How right they were. It is precisely this forbidden education that has opened women’s eyes to the need to help themselves. In a Canadian Orthodox community, women organized a mikvah strike when they became frustrated with the rabbis’ inability to help a woman obtain her get. Not surprisingly, the mikvahs did not remain closed for long before the men assured that the agunah obtained her get. But Orthodox women are beginning to recognize that such “Lysistrata” strategy is not only demeaning to both women and men, it has very little impact on the agunah problem at large. Orthodox women are now realizing that using their intellect and education will be far more effective in bringing global solutions to oppressed women and children in the Jewish world.

While the title “rabbi” does not automatically confer wisdom or godliness in the eyes of the public, it does validate the opinions of its possessor. It is an unfortunate truism that in the Orthodox community, when a rabbi makes a halachic decision that may be contradicted by an eminent scholar who does not hold the title “rabbi,” the populace will automatically accept the rabbi’s interpretation, even if the rabbi’s opinion is indefensible. (This phenomenon is not unique to the Orthodox community. A university professor with a Ph.D. may be spouting nonsense during his lecture, but if his theory is rebutted by a scholar who lacks the Ph.D. initials after his name, it is unlikely that many will disregard the professor’s assessment.) Thus, when Rabbi Avi Weiss proposed, at the International Conference on Feminism and Orthodoxy, that in lieu of ordaining women as rabbis, these Talmudically educated women should be given the title morot (teachers), he was oblivious to the psychological impact that the title “rabbi” confers upon its recipient. Can anyone deny that in a halachic debate between rabbis and morot, the rabbis will always prevail, regardless of the validity or their opinion?

Orthodox women do not seek to become rabbis simply to “be like men.” To the contrary, Orthodox women have been traditionally trained to take private, rather than public, roles in the Orthodox community. However, when male rabbis consistently shirk their duty to do justice for all Jews, there is little alternative to allowing women to test their remedies. The time has come to educate women and give them the titular and legal authority to right that which has gone so terribly wrong in the Orthodox world.
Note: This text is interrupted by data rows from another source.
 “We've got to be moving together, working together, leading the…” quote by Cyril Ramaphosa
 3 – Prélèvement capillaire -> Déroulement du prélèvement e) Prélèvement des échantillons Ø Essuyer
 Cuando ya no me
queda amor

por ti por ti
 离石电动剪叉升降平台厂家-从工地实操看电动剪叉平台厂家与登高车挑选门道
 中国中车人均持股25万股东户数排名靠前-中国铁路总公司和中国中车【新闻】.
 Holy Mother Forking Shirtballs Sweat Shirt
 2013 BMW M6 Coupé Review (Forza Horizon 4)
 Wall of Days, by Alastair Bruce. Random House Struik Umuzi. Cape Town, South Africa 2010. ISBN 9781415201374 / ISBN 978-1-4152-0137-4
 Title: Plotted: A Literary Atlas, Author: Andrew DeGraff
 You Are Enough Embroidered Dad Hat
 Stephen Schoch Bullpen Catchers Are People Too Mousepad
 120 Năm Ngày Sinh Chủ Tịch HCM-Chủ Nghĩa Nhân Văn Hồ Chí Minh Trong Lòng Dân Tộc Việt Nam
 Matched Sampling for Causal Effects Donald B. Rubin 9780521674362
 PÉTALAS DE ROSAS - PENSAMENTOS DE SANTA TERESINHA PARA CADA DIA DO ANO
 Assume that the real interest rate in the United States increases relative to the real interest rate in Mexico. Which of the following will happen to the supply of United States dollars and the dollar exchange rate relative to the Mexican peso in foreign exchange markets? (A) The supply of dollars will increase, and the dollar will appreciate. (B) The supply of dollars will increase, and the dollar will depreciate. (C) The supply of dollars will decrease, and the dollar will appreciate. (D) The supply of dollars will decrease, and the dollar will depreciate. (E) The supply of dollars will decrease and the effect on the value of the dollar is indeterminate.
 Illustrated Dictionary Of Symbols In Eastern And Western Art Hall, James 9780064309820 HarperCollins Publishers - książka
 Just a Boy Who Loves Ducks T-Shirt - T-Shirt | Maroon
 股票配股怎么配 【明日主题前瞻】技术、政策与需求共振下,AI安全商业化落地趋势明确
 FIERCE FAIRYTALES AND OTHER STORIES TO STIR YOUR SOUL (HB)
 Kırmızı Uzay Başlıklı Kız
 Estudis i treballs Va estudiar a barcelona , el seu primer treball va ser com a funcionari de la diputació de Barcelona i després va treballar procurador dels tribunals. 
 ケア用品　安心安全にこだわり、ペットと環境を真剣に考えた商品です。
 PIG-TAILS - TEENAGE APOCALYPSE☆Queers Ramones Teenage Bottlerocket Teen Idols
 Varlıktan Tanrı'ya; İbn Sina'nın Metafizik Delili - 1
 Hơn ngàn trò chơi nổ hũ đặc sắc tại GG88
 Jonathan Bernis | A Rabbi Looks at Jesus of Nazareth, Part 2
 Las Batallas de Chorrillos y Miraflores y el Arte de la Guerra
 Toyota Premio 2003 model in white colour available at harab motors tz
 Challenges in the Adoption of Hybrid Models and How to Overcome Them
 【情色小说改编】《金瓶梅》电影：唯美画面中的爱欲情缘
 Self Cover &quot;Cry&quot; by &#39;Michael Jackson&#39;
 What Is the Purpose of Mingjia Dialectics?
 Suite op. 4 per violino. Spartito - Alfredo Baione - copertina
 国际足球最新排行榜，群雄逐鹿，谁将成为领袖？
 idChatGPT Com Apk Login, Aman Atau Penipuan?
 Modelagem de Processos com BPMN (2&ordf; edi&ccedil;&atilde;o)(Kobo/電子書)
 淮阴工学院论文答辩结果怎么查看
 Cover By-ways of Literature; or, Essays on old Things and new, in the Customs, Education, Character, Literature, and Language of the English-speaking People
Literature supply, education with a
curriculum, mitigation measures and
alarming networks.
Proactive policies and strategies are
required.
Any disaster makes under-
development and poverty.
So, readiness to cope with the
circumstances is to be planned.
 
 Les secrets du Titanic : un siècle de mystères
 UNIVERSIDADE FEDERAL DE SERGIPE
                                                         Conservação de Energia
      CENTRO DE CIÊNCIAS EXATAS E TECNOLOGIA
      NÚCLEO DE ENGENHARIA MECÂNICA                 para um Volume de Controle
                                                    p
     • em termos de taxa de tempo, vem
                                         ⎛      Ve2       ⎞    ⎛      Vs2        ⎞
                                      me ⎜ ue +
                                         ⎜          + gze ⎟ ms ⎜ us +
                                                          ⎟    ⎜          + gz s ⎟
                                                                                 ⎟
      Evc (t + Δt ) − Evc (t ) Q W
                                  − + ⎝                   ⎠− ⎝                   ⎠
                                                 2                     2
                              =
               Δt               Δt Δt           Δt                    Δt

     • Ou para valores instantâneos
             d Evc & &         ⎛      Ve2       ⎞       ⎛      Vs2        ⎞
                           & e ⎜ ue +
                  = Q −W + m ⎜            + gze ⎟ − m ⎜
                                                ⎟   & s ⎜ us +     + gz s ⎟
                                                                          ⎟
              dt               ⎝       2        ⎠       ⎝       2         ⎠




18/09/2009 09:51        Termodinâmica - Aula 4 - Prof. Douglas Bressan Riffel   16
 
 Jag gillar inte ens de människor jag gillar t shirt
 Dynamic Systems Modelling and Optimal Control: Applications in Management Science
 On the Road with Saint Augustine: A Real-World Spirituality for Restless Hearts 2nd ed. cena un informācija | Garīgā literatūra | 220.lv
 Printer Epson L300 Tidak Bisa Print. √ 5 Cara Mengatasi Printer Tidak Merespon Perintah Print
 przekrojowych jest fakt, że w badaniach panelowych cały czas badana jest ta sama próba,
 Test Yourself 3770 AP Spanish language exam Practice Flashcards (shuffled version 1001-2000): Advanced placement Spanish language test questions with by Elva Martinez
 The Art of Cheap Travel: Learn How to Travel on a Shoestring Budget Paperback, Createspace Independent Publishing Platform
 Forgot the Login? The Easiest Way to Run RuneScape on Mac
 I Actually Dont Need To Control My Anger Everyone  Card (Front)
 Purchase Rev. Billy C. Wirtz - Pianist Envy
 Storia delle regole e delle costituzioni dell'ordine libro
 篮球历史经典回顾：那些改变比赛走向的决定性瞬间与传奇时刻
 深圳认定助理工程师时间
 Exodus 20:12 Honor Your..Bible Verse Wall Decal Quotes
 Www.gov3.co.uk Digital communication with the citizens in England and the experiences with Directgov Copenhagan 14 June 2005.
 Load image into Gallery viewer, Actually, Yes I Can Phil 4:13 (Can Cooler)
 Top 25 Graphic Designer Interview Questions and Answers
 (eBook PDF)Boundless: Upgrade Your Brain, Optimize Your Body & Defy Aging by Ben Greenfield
Is this phenomenon likely to occur within the next few years? Are we destined to see mass ordination of women by 1998 or 1999? Not likely. But those who predict the permanent demise of such a movement will have a better shot at stuffing an escaped genie back into its bottle.

Alexandra Leichter is a family-law attorney in Beverly Hills, and is a member of the Modern Orthodox Westwood Village Synagogue.